* **Description of the task**
For each entry, repeat the text exactly and omit any picture it holds.

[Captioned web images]

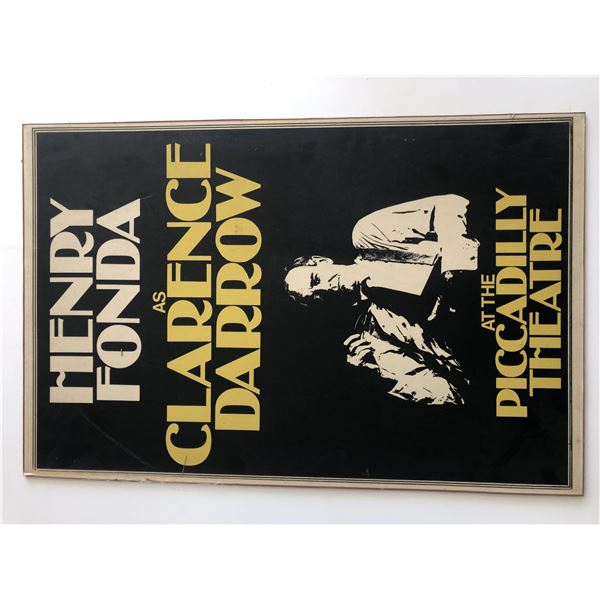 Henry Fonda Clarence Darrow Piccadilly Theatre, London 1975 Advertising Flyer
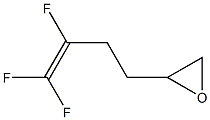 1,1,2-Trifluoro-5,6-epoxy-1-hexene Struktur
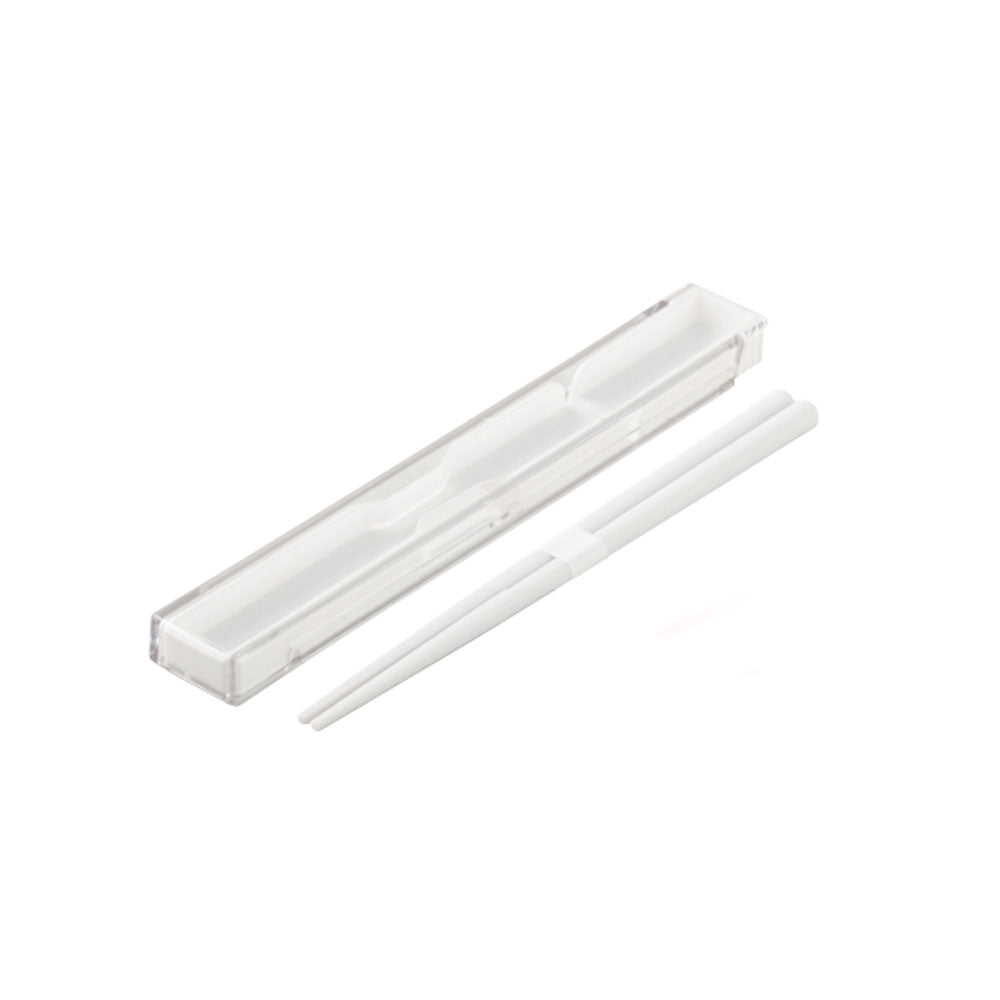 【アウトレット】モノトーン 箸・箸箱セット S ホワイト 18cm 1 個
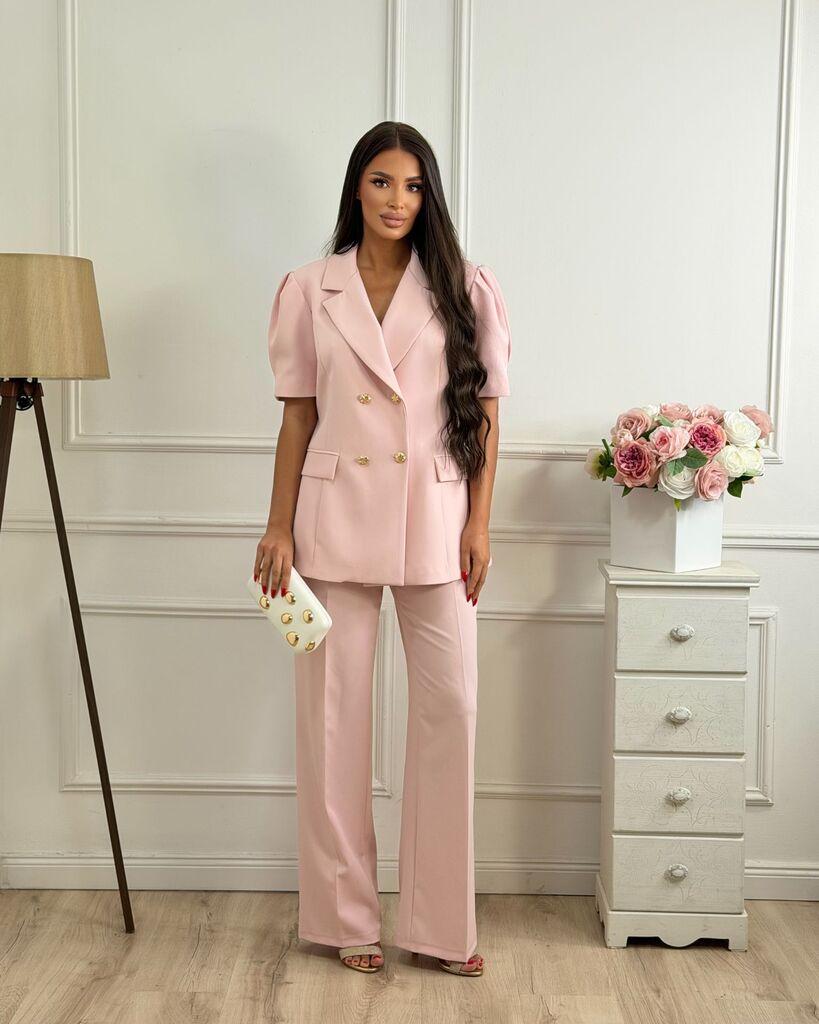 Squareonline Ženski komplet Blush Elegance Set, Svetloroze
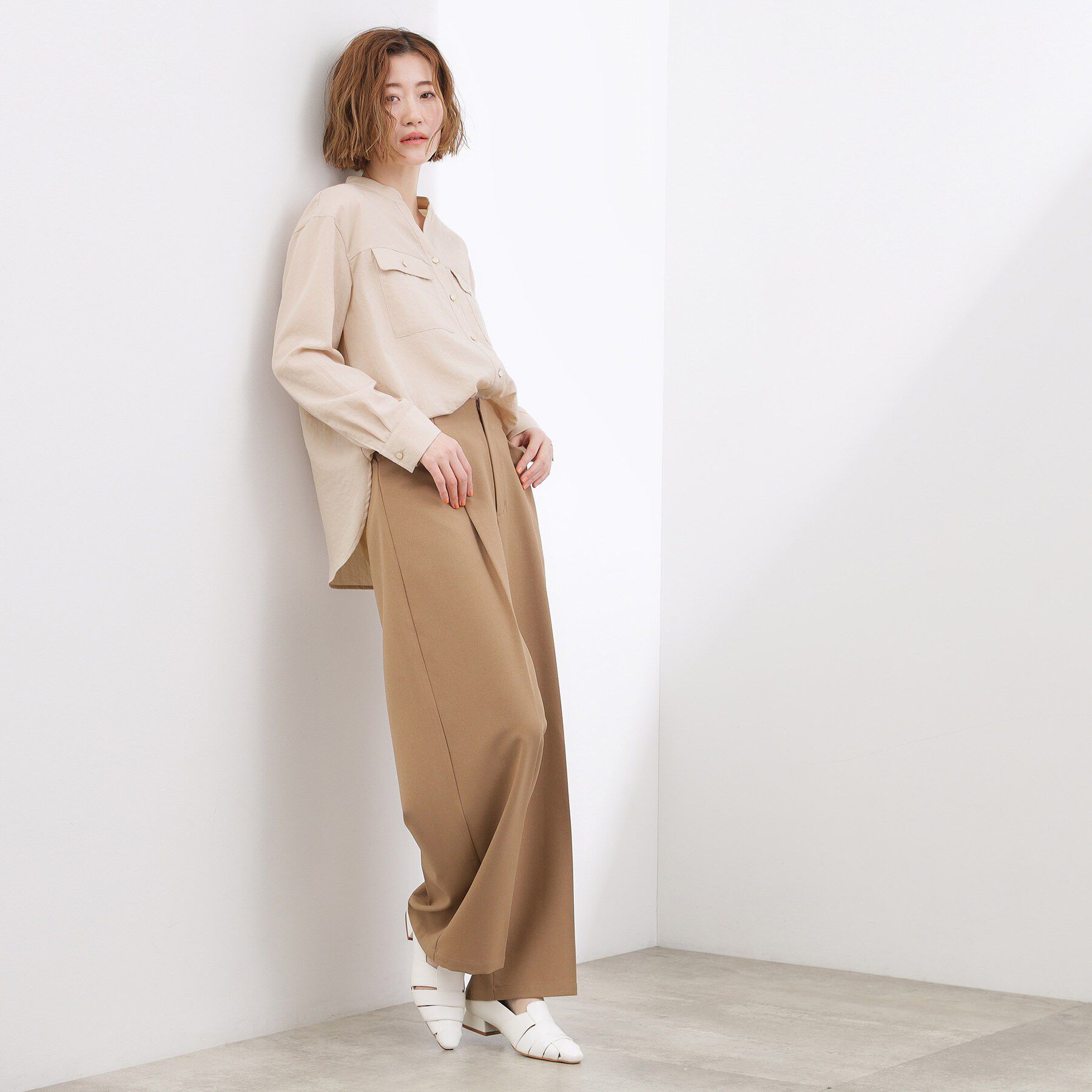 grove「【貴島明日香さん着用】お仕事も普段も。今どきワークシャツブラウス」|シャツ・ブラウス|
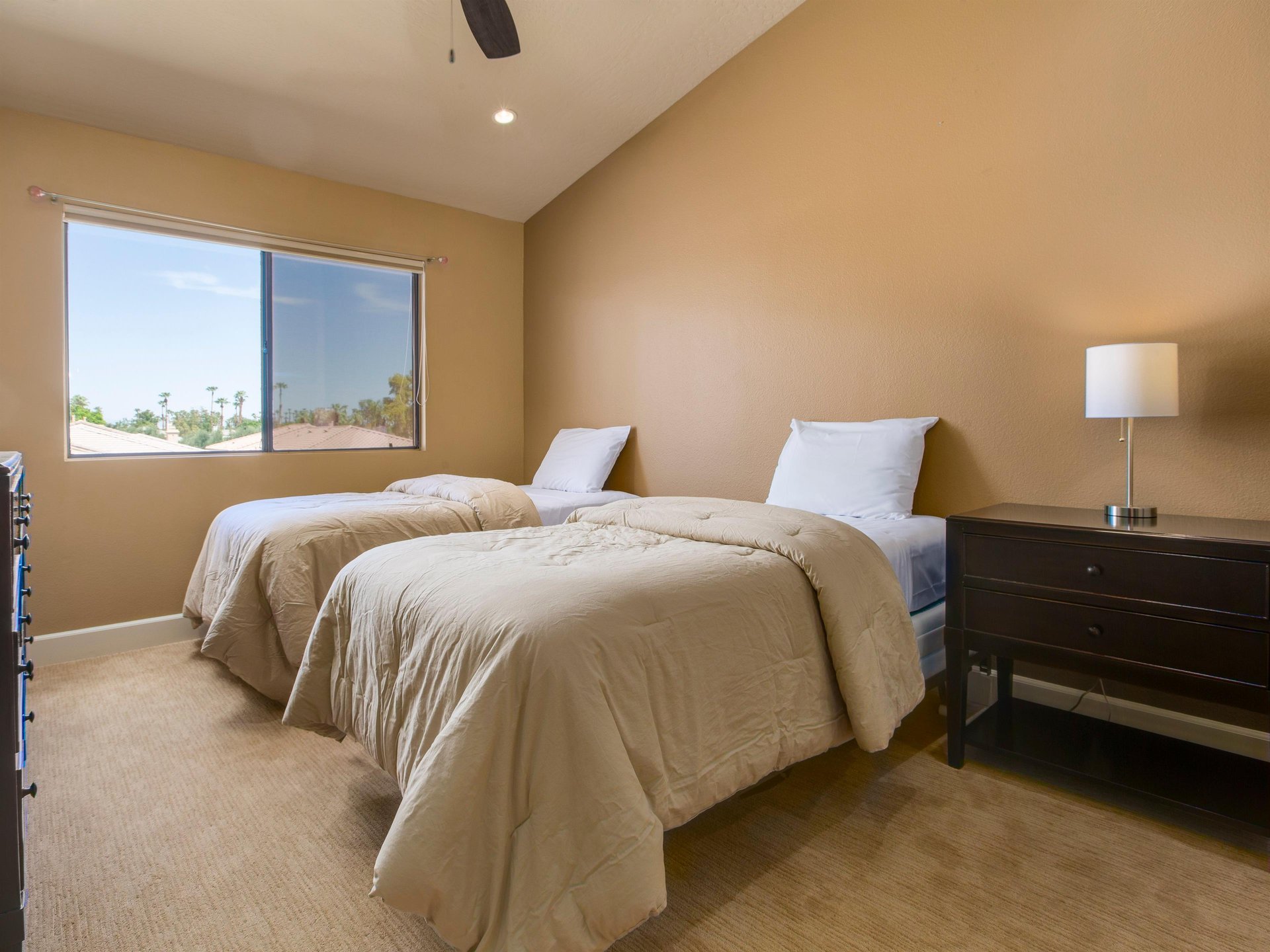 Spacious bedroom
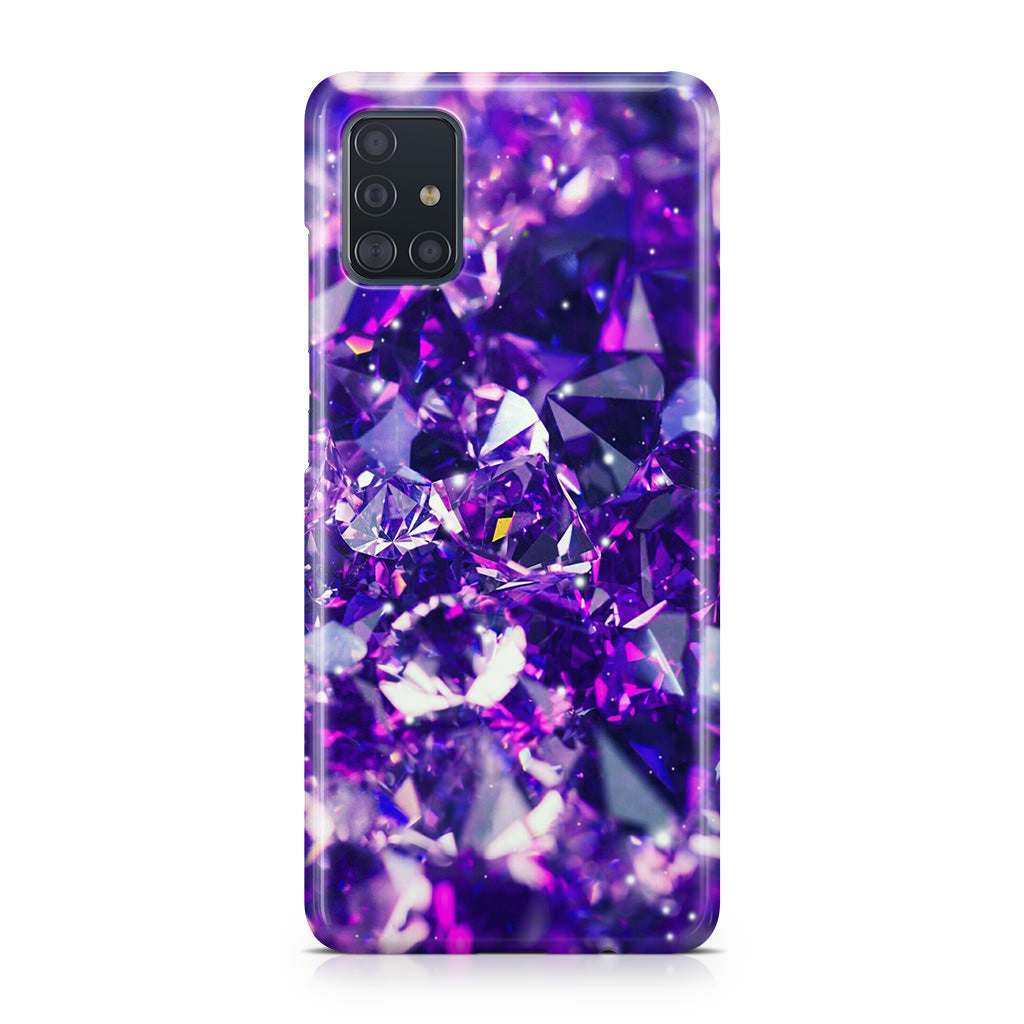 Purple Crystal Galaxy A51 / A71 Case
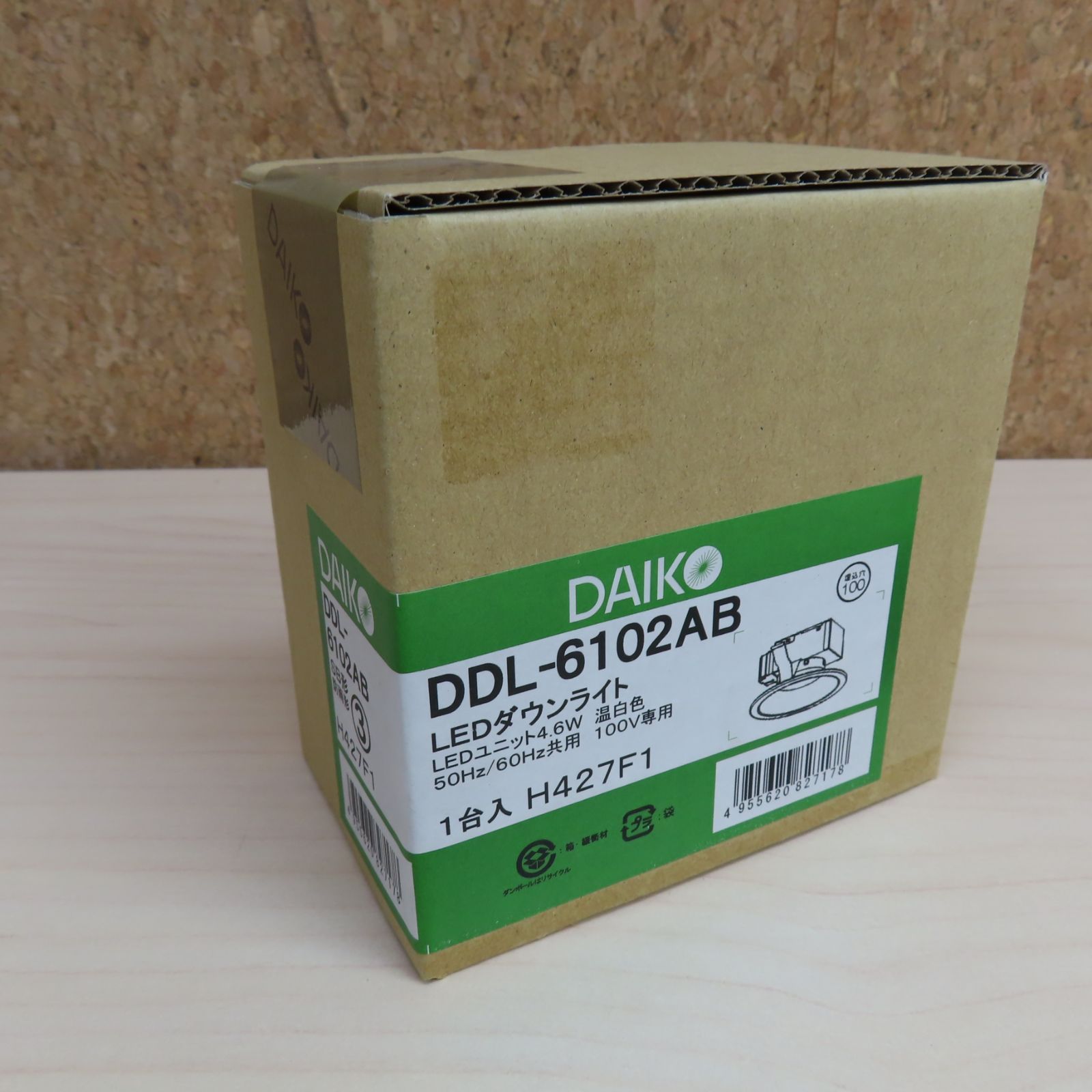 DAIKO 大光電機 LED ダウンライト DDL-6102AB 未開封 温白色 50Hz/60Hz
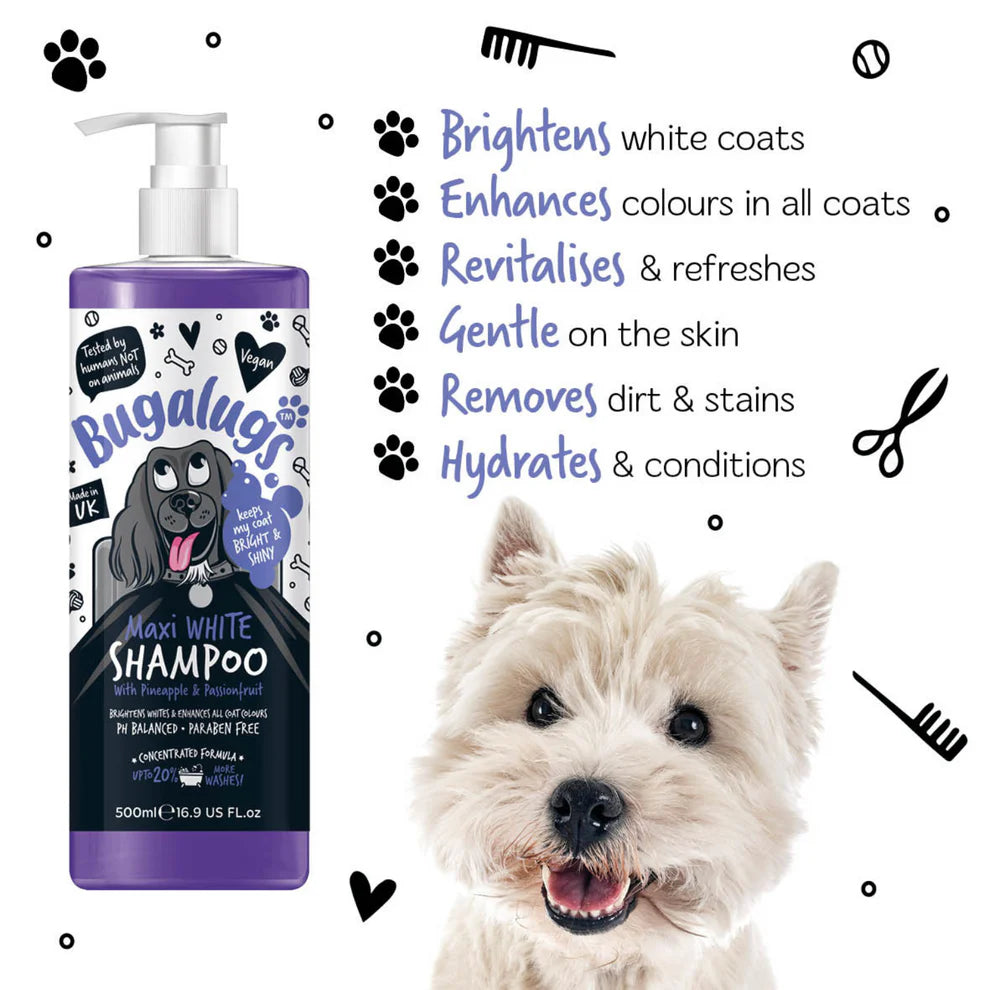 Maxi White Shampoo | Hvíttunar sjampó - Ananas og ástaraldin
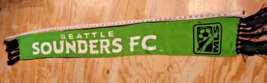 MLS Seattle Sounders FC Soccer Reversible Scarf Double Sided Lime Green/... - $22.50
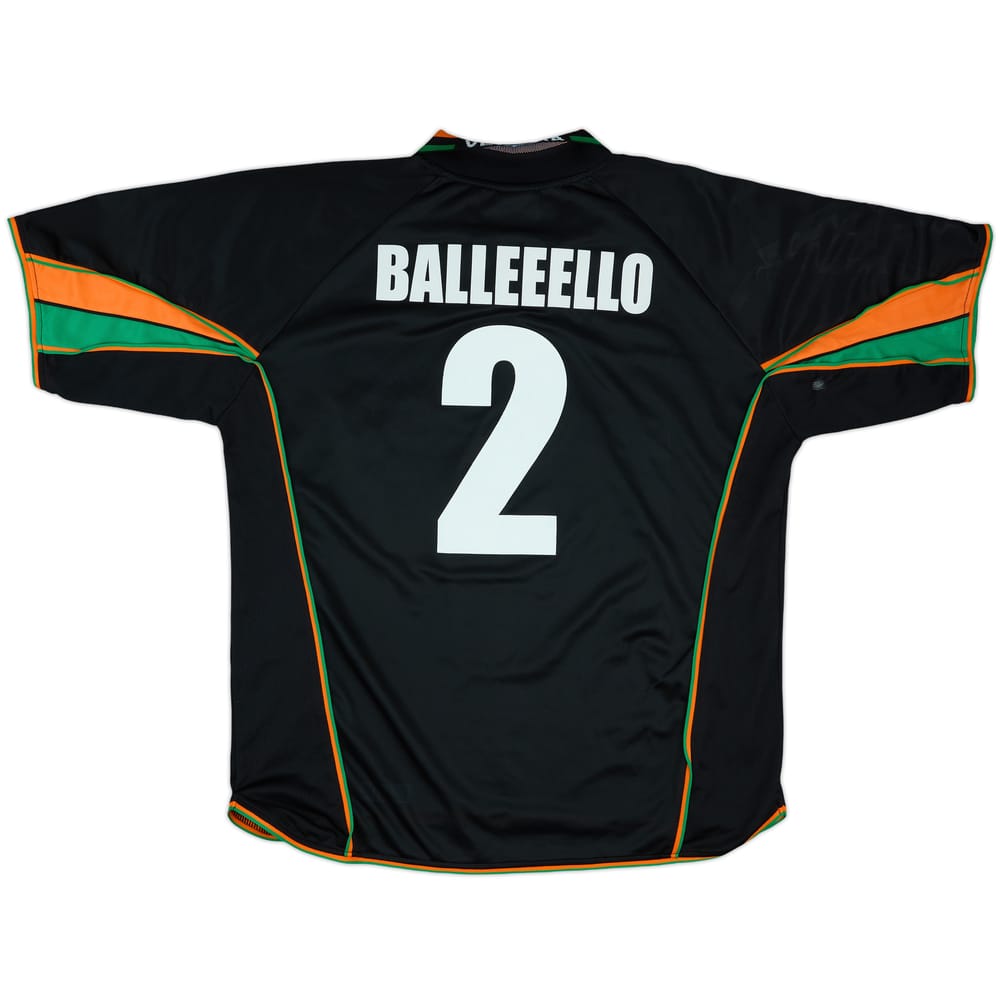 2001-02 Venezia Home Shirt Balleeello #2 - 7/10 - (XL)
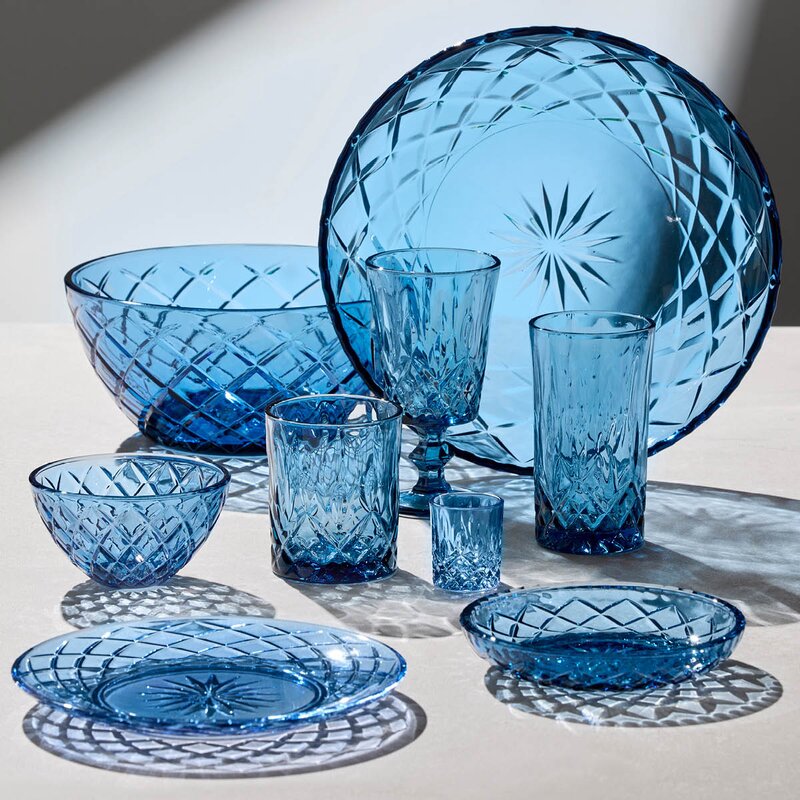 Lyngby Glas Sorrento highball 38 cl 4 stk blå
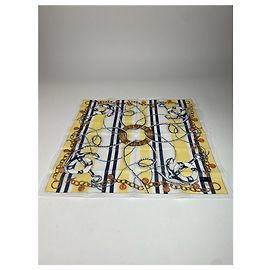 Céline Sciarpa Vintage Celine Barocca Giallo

* **Reply**
 Henry Fonda Clarence Darrow Piccadilly Theatre, London 1975 Advertising Flyer
 1,1,2-Trifluoro-5,6-epoxy-1-hexene Struktur
 【アウトレット】モノトーン 箸・箸箱セット S ホワイト 18cm 1 個
 Squareonline Ženski komplet Blush Elegance Set, Svetloroze
 grove「【貴島明日香さん着用】お仕事も普段も。今どきワークシャツブラウス」|シャツ・ブラウス|
 Spacious bedroom
 Purple Crystal Galaxy A51 / A71 Case
 DAIKO 大光電機 LED ダウンライト DDL-6102AB 未開封 温白色 50Hz/60Hz
 Maxi White Shampoo | Hvíttunar sjampó - Ananas og ástaraldin
 MLS Seattle Sounders FC Soccer Reversible Scarf Double Sided Lime Green/... - $22.50
 2001-02 Venezia Home Shirt Balleeello #2 - 7/10 - (XL)
 Lyngby Glas Sorrento highball 38 cl 4 stk blå
 Céline Sciarpa Vintage Celine Barocca Giallo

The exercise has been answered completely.